His visiting card says ‘Free service for hospitalised patients’. Each passenger gets one, with an additional assurance from him, “You can call anytime in the night for medical emergency. I will come.”
Once a mechanical engineer with Larsen and Toubro, 62-year-old Vijay Thakur is now a taxi driver. For the last 31 years, he has been driving a black-and-yellow taxi — first a Fiat, now a Hyundai Santro.
In a city where transport authorities regularly receive complaints of refusal to ply, not once has Thakur refused a passenger. The reason dates back to 1984.
It was 2 am when his wife Saroj Thakur, who had just undergone a miscarriage, complained of abdominal pain. Thakur tried to get an auto-rickshaw or taxi, but in vain. “For half an hour, I hailed auto-wallahs while my wife sat in pain,” says Thakur.
Saying “it hurt his mind” to see such apathy, he took voluntary retirement from L&T, bought a fiat for Rs 66,000 and got a taxi permit. Over the last 31 years, he says he has never regretted the decision.

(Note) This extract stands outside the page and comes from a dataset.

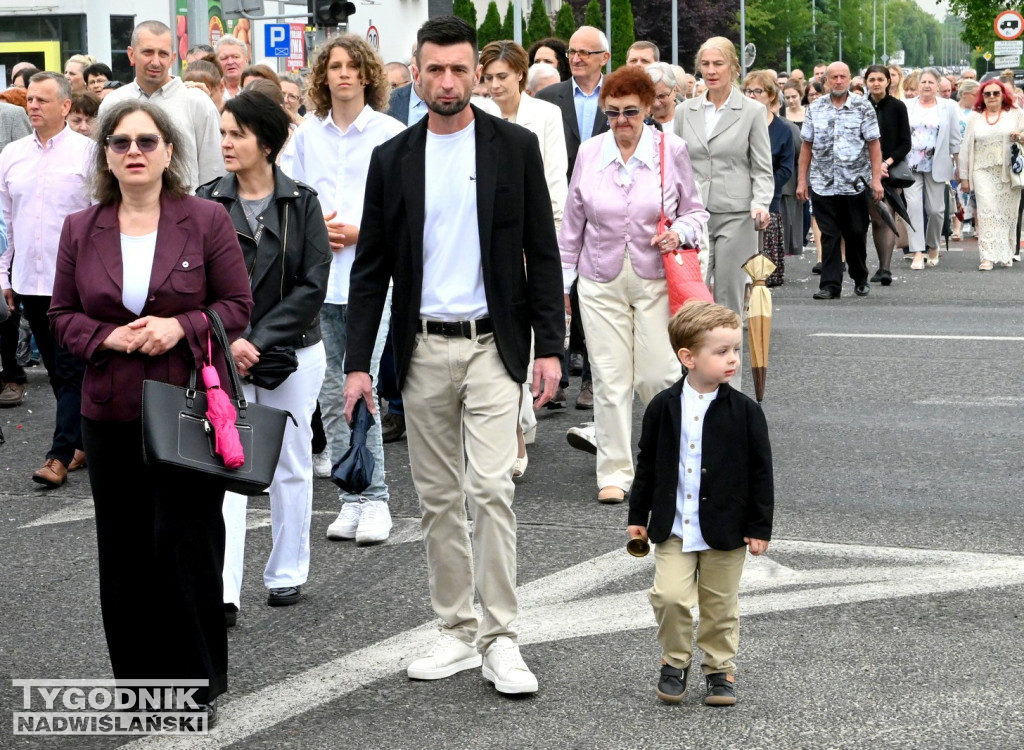 Boże Ciało w Tarnobrzegu. Procesja z parafii Św. Barbary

Saroj admits she tried to persuade him against driving taxis for patients, and so did the entire family. However, she adds that emergency medical services are still an issue in the city.
Thakur now gets calls for delivery cases, from patients suffering from kidney stones, road accident cases and other physical injuries day and night. The back of his car has a white sticker: “Hospitalised patients are free in this taxi”. His monthly income, close to Rs 10,000 —- a drastic fall from Rs 65,000 per month at L&T —- comes from general passengers.
He is attached with two suburban colleges for taxi services. From one, a management institute, he says he learnt business management skills by talking to teachers and students. “I generated a business model. I got hold of every watchman in the neighbourhood and promised them Rs 20 as commission if they got me customers. Once I drove them, they always called me,” smiles Thakur. His little income, he says, comes because he never refuses to ply. Thakur claims he does not charge a single penny from patients so that they can utilise the money for treatment.
“Once, when my elder son was getting operated, I accidentally deposited Rs 10 less than the amount of Rs 43,000 at the hospital. It was a mistake. But the cashier said he would not process the payment until the full amount came in. Another man lent me Rs 10 then,” Thakur says. He lost his son to gangrene infection in 1999. Since then, he does not charge patients undergoing treatment.
Attired in a dull white shirt and brown pants, Thakur recalls how he learned driving in his father’s Morris Minor. From a 7 am to 5 pm job, he now drives at odd hours. “He has blood pressure and diabetes. His legs and hands pain because of continuous driving. There are no fixed hours. But he is happy,” Saroj says.
Thakur’s younger son Vineet and daughter-in-law Dipti are both managers in private firms. While the son drives a newly purchased Swift, Thakur says he travels only in his Santro. “It runs on gas, saves money,” he explains.
While his son stills objects to his driving, Thakur says he finds peace in doing humanitarian work. Once, he saw a car accident on December 31 and promptly transferred all the injured in his cab to R N Cooper hospital. The timely hospitalisation helped save the entire family, except one woman. “The family was ready to pay me any amount because of what I did,” Thakur says, then adds, “But a person in need of help should not be charged.”
He tries to convince his driver friends to never refuse any passenger. “But they need money. I can make do with whatever I have,” he sighs.